Joseph Flummerfelt ’58, on campus this week as part of DePauw University’s 175th Anniversary Distinguished Alumni series, is working to help the students find the rhythmic vitality of Bernstein’s greatest choral masterpiece. “More marcato!” he asks, “it has to be like one continuous crescendo.” The singers try again, but the great conductor knows it’s not quite right. “You’re too buttoned-up, you have to let loose more, give in to a primal expression of joy.” The choirs sing the passage again, and Dr. Flummerfelt exclaims, “That’s it! I can see Maestro Bernstein on the podium when you sing it like that!” He would know, having worked closely with Bernstein and the New York Philharmonic for many years.
The famed choral conductor’s choirs have appeared in more than 45 recordings, including Benjamin Britten’s War Requiem and Brahms’s Ein Deutsches Requiem and Schicksalslied with Kurt Masur and the New York Philharmonic; Mahler’s Symphony No. 2 and a Grammy Award-winning Mahler’s Symphony No. 3 with Leonard Bernstein; Puccini’s Tosca and Berlioz’s Roméo and Juliet with Riccardo Muti and the Philadelphia Orchestra; and Messiaen’s Le Transfiguration de Notre Seigneur Jesus Christ with the National Symphony.
His collaborations with Samuel Barber include the Grammy Award-winning recording of the composer’s opera Anthony and Cleopatra. In 2004, his New York Choral Artists recording of John Adams’s On the Transmigration of Souls was awarded three Grammys.
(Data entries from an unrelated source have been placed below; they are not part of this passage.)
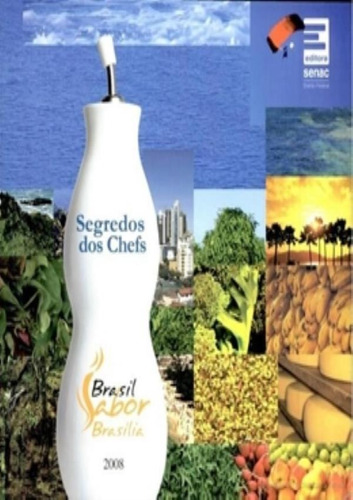 Segredos Dos Chefs - Brasil Sabor Brasilia 2008, De Senac. Editora Senac Sp Em Português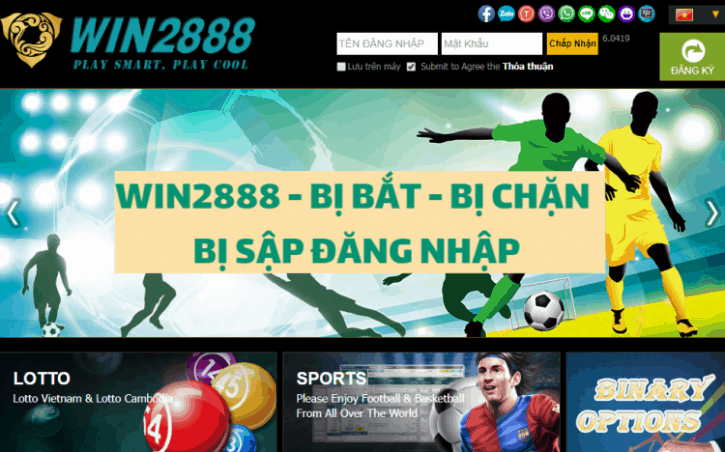 Win2888 bi bat - Win2888 bi sap net chan dang nhap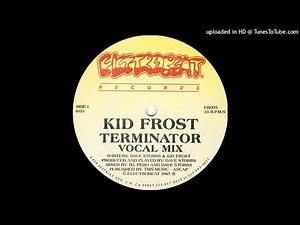 Kid Frost - Terminator (Vocal Mix)(Electrobeat Records 1985)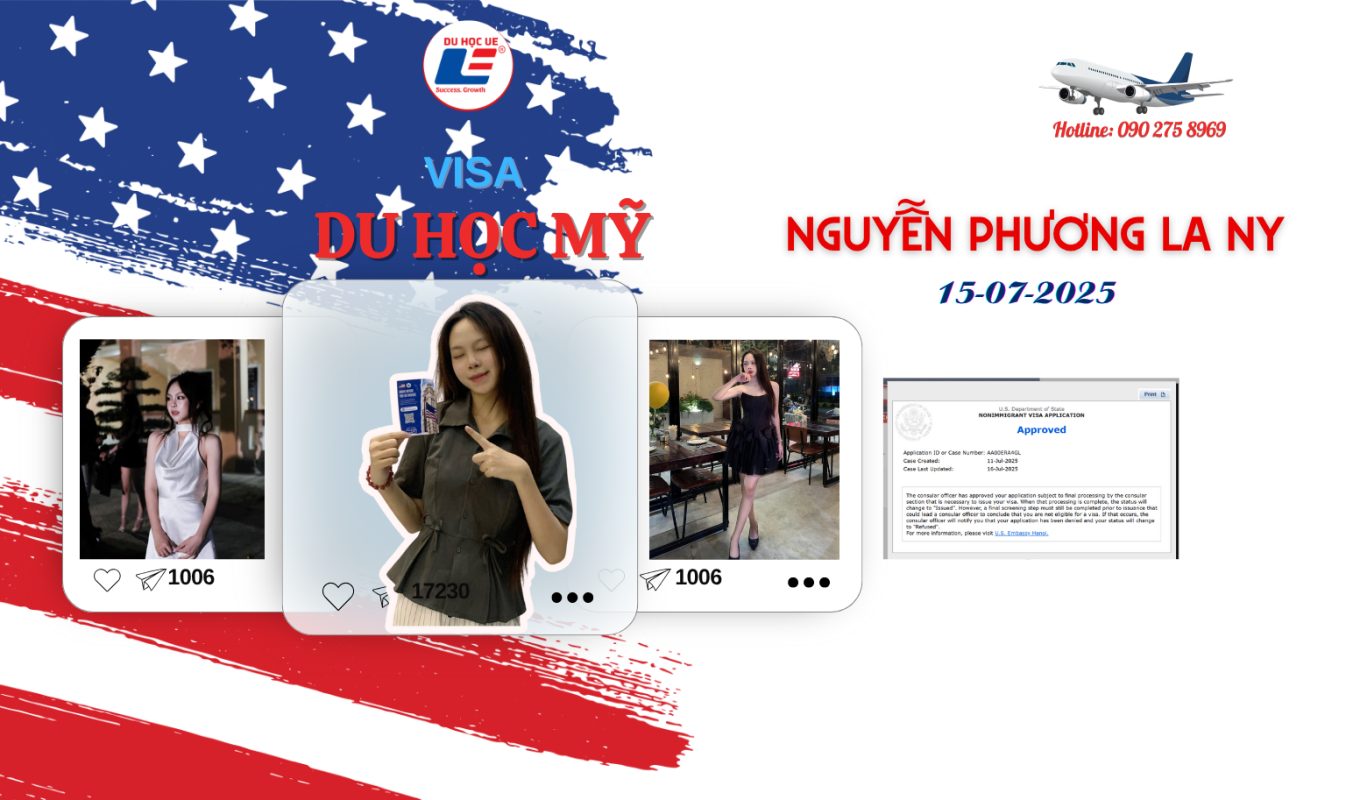 🎉Chúc mừng Nguyễn Phương La Ny đậu Visa Mỹ ngày 15/07/2025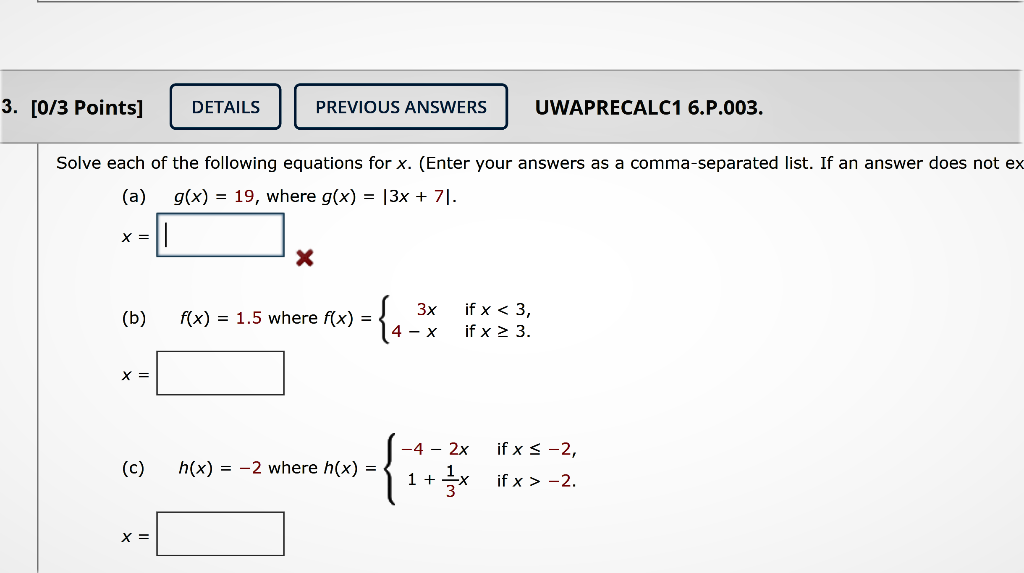 Solved 3. [0/3 Points] DETAILS PREVIOUS ANSWERS UWAPRECALC1 | Chegg.com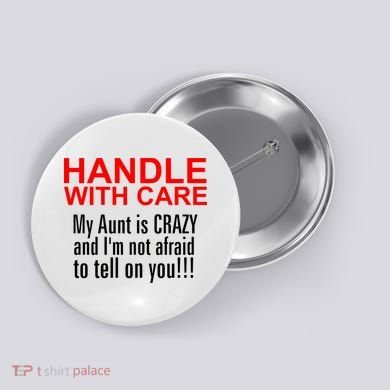 Crazy Aunt - Handle With Care Funny Button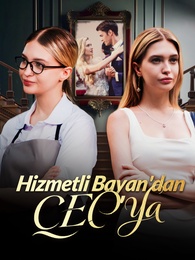 Hizmetli Bayandan CEOya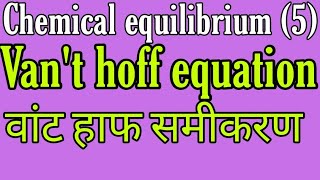 Vant hoff equation in hindi bsc 2nd year physical chemistry notes knowledge adda chemical equilibr [upl. by Teece]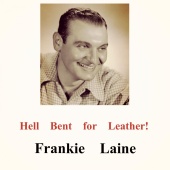 Frankie Laine - Hell Bent for Leather!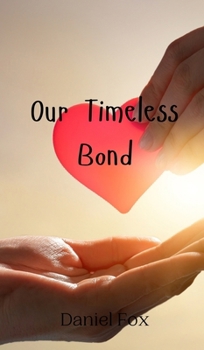 Hardcover Our Timeless Bond Book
Previously, he was nominated for his Westminster Choir recording of Haydn’s Lord Nelson Mass with Bernstein and the New York Philharmonic and for Berlioz’s Roméo et Juliette with Muti and the Philharmonia Orchestra.
“He, more than anyone I know, has the ability to reach the emotional heart of a piece and inspire a choir to sing from their souls,” says Ristow, recalling his time as a student singing under Dr. Flummerfelt during the maestro’s guest residency at the Eastman School of Music.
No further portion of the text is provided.